You watch these kids show up for camp and half of them have one foot in the portal before the first two-a-day even ends. I remember when Barry Alvarez would take a kid from Waukesha who had zero stars next to his name, put him through four years of Camp Randall winters, and by his senior year that kid was pancaking defensive ends in the fourth quarter against Michigan State. That is not a fairy tale. That is how we built the 1993 Rose Bowl team. That is how we built the 1998 squad that punched Ohio State in the mouth. You cannot build that kind of grit when every spring you are wondering if your left tackle is going to bolt for a $200,000 NIL bag from some school he cannot even find on a map.
I look at our depth chart right now and I do not even recognize half the names. We have kids from three different programs in the offensive line room alone. How are you supposed to develop chemistry when the guy next to you was at Purdue six months ago? The 2005 team that went to the Capital One Bowl had linemen who had been eating dinner together for three years. They knew each others' families. They did not need a transfer portal to find playing time. They earned it in the weight room at 5:30 in the morning when it was 12 degrees outside and the snow was piled up on Monroe Street.
The worst part is that the portal has destroyed the walk-on program. That used to be our identity. Every kid in Wisconsin grew up knowing that if you worked hard enough at Arrowhead or Homestead or River Falls, you could walk on at Madison and maybe, just maybe, earn a scholarship by your junior year. Now those kids are being pushed out for portal transfers who have no loyalty to the program and no connection to the state. I remember when Jim Leonhard walked on. I remember when Mark Tauscher walked on. Those guys did not transfer anyywhere. They bled red and white until they had to be dragged off the field.

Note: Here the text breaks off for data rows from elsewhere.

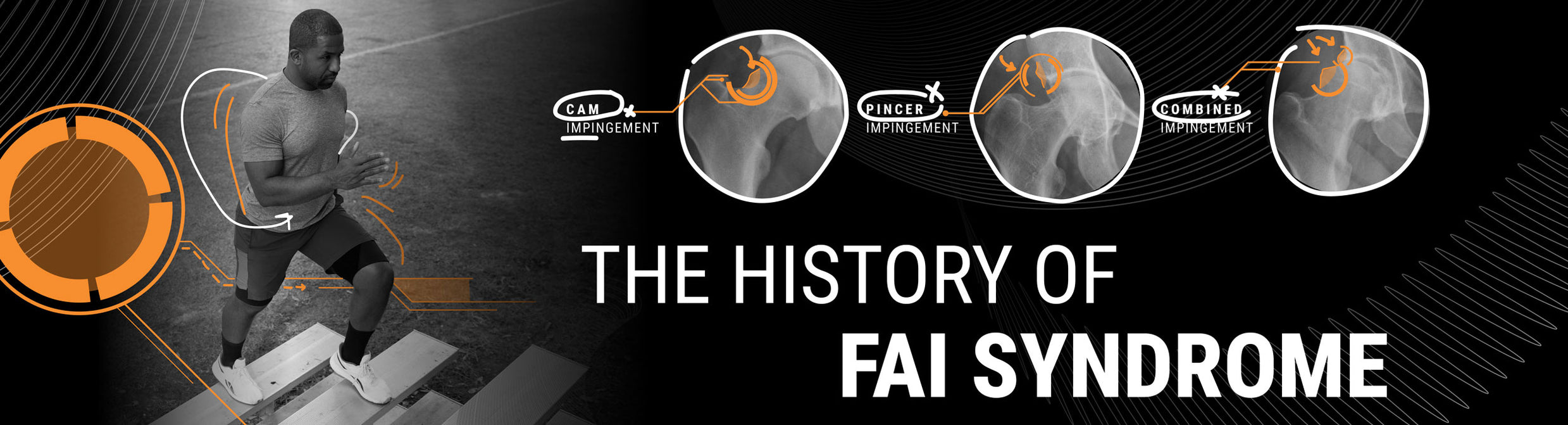 The History of Femoroacetabular Impingement (FAI) Syndrome | SAFS Shorts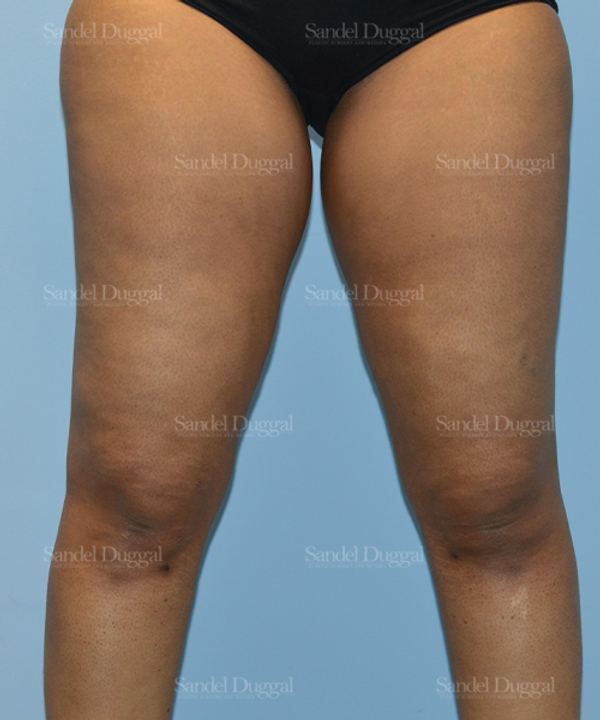 Liposuction — Legs & Flanks after, case 2537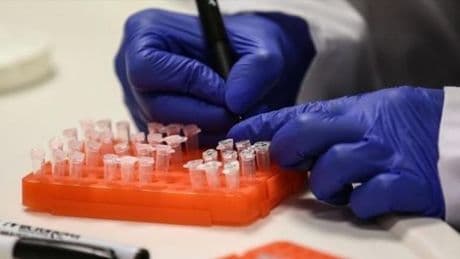 M çiçeği virüsü kaynaklı ilk ölüm gerçekleşti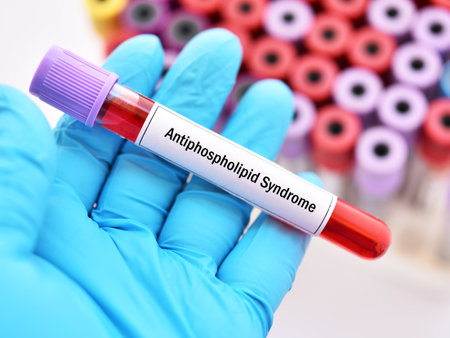 Blood sample tube for antiphospholipid syndrome (APS) test, diagnosis for autoimmune diseaseの写真素材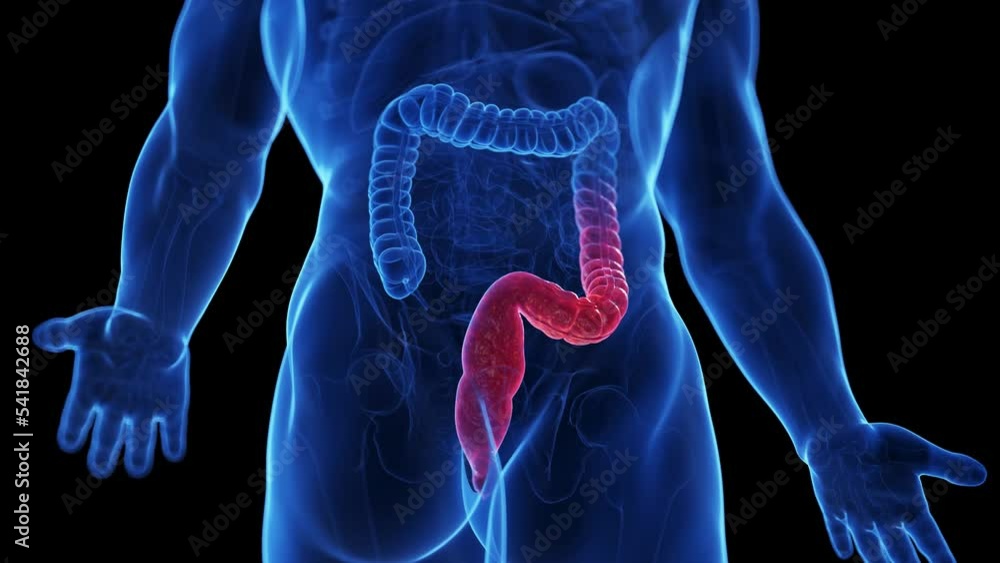 3d rendered medical animation of the colon of a man suffering from colitis ulcerosa 3d rendered medical animation of the colon of a man suffering from colitis ulcerosa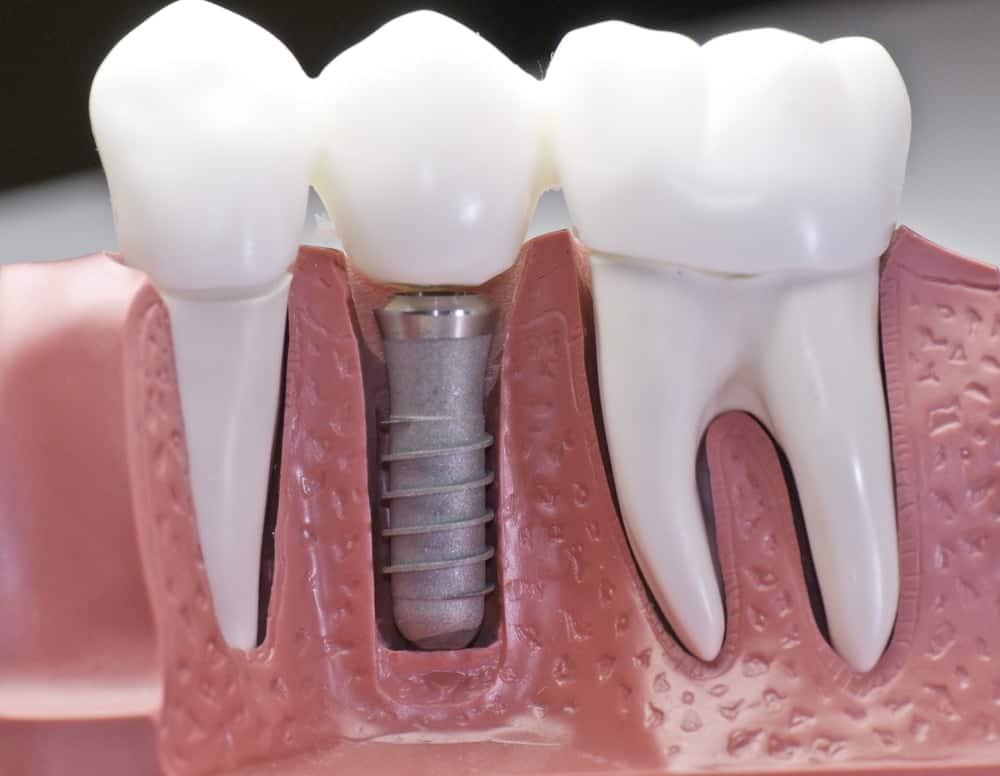 Who Is a Good Candidate for Dental Implants Chester?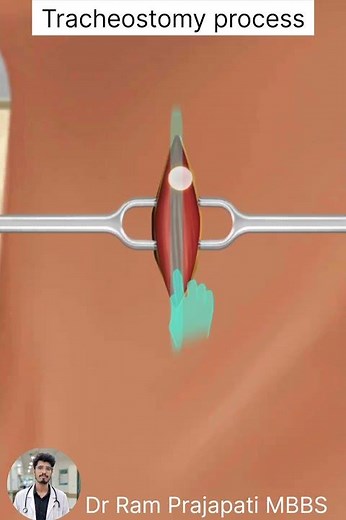 Tracheostomy Procedure Explained 🩺 | Medical Animation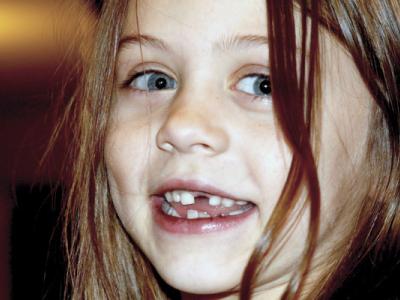 乳歯の歯並びについて。気になる７つの質問に歯科医師がお答えします！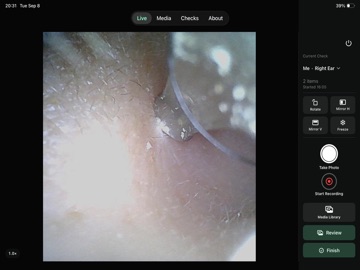 OtoSee: WiFi Otoscope Camera iPad screenshot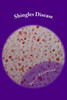 Shingles Disease: The Complete Guide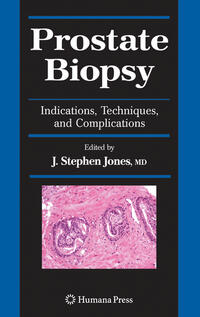 Vorderes Coverbild Prostate Biopsy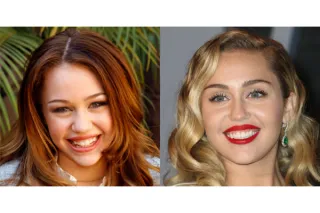 Achieve the Hollywood Smile You Desperately Desire Using Veneers and Smile Away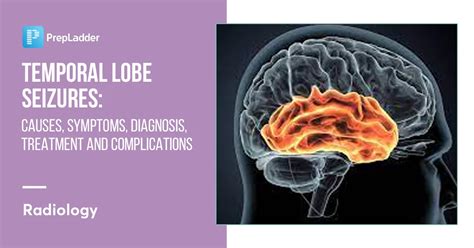 Temporal Lobe Seizures Causes Symptoms Diagnosis Treatment And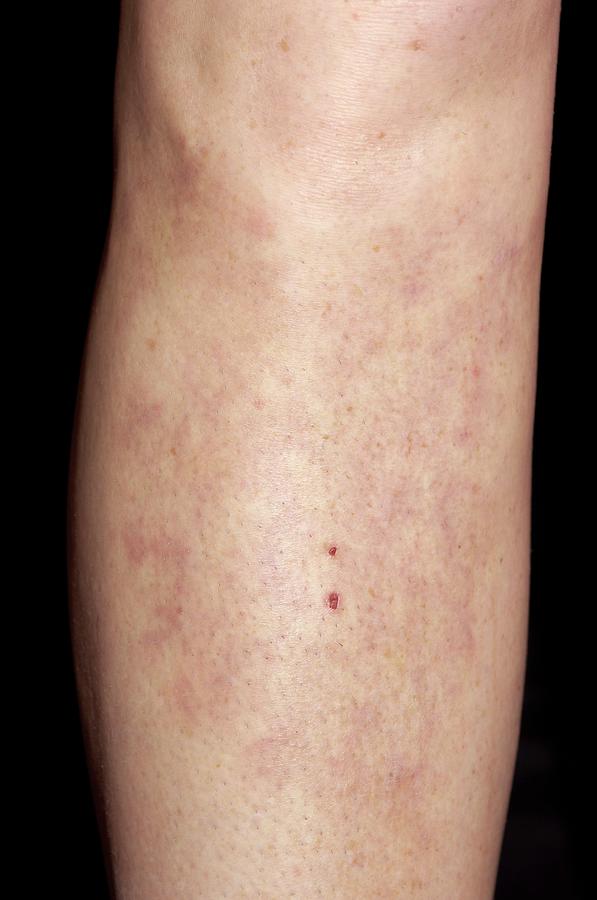 Erythema Nodosum Rash Photograph By Dr P Marazziscience Photo Library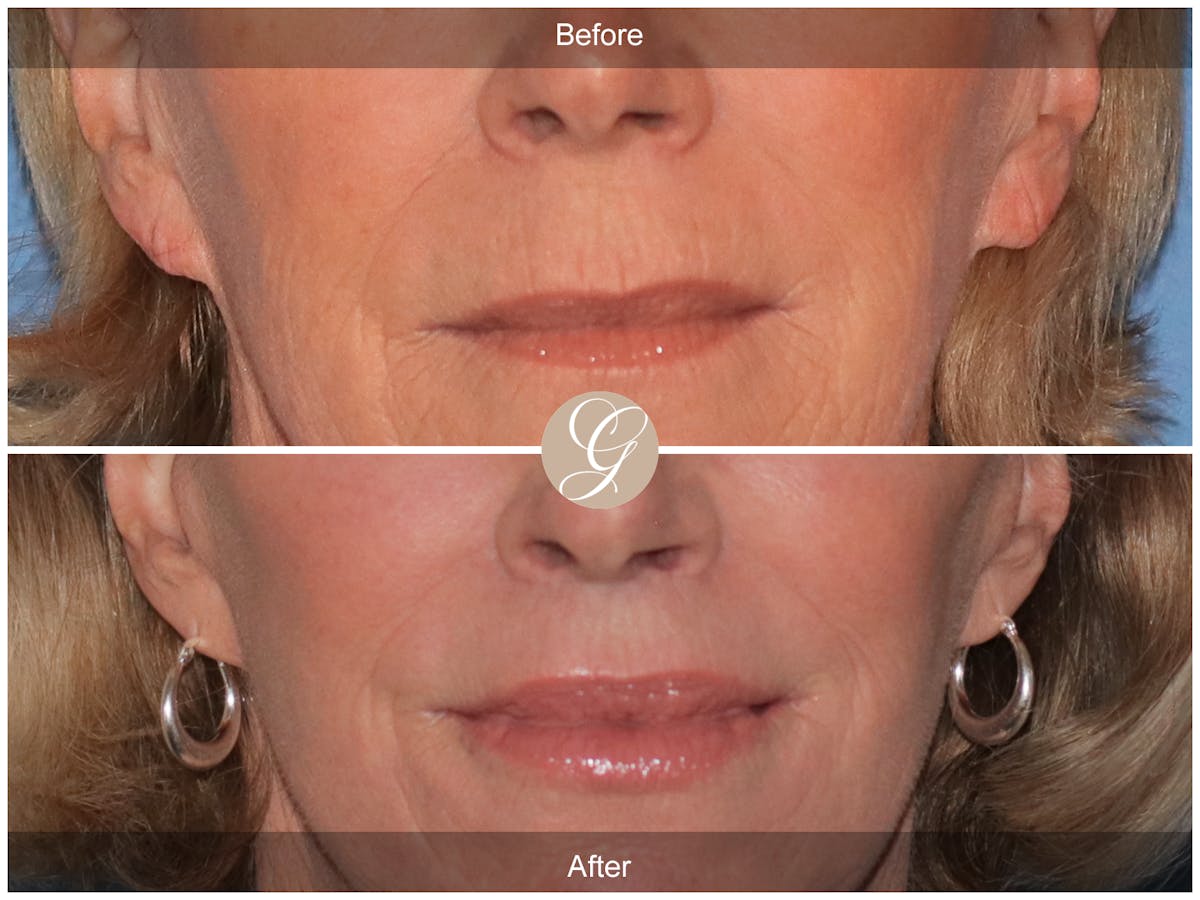 Lip Lift Before & After Gallery - Patient 351405 - Image 1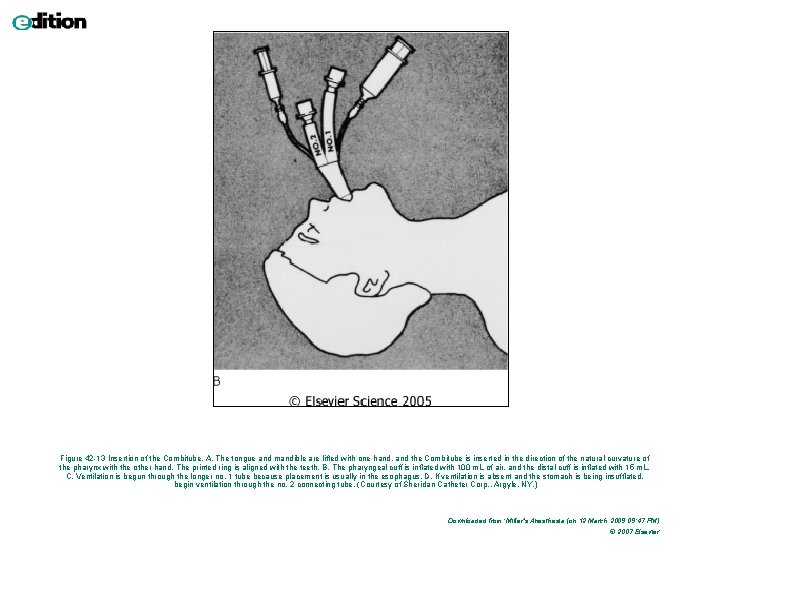 Figure 42 -13 Insertion of the Combitube. A, The tongue and mandible are lifted Figure 42 -13 Insertion of the Combitube. A, The tongue and mandible are lifted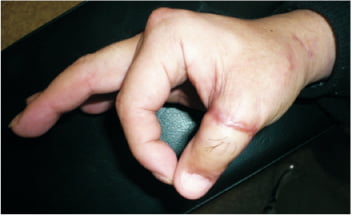 切断指あとの欠損(親指など)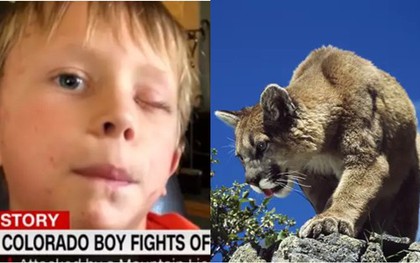 Sống sót thần kỳ sau khi bị báo sư tử tấn công, cậu bé 8 tuổi chia sẻ cách tự vệ khiến ai nấy đều bất ngờ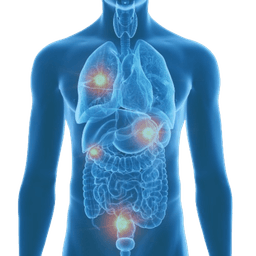 Metastatic Tumors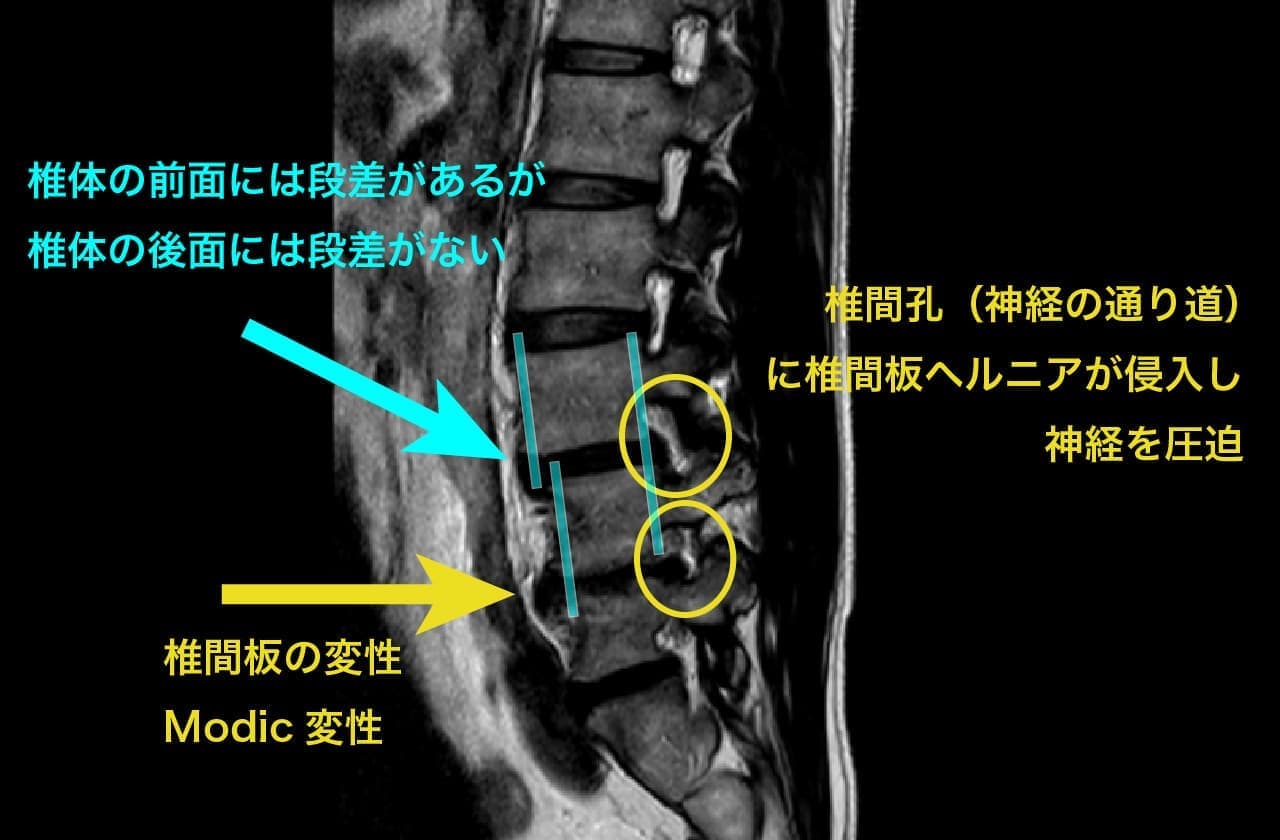 腰痛・坐骨神経痛・椎間板ヘルニア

And do not get me started on the NIL angle. You have 18-year-old kids making more money than my first house cost and they are still entering the portal because they want a better deal somewhere else. I remember when a scholarship was the deal. That was the reward. You got your education paid for and you got to play for the University of Wisconsin. Now these kids are treating it like free agency and we are all supposed to pretend that is healthy for the sport.
I will be at Camp Randall this fall watching our new transfers try to figure out how to run the power sweep in 20 mile per hour wind off Lake Mendota. And I will be thinking about the 1994 team that would have laughed at half these kids for not being tough enough to earn their spot.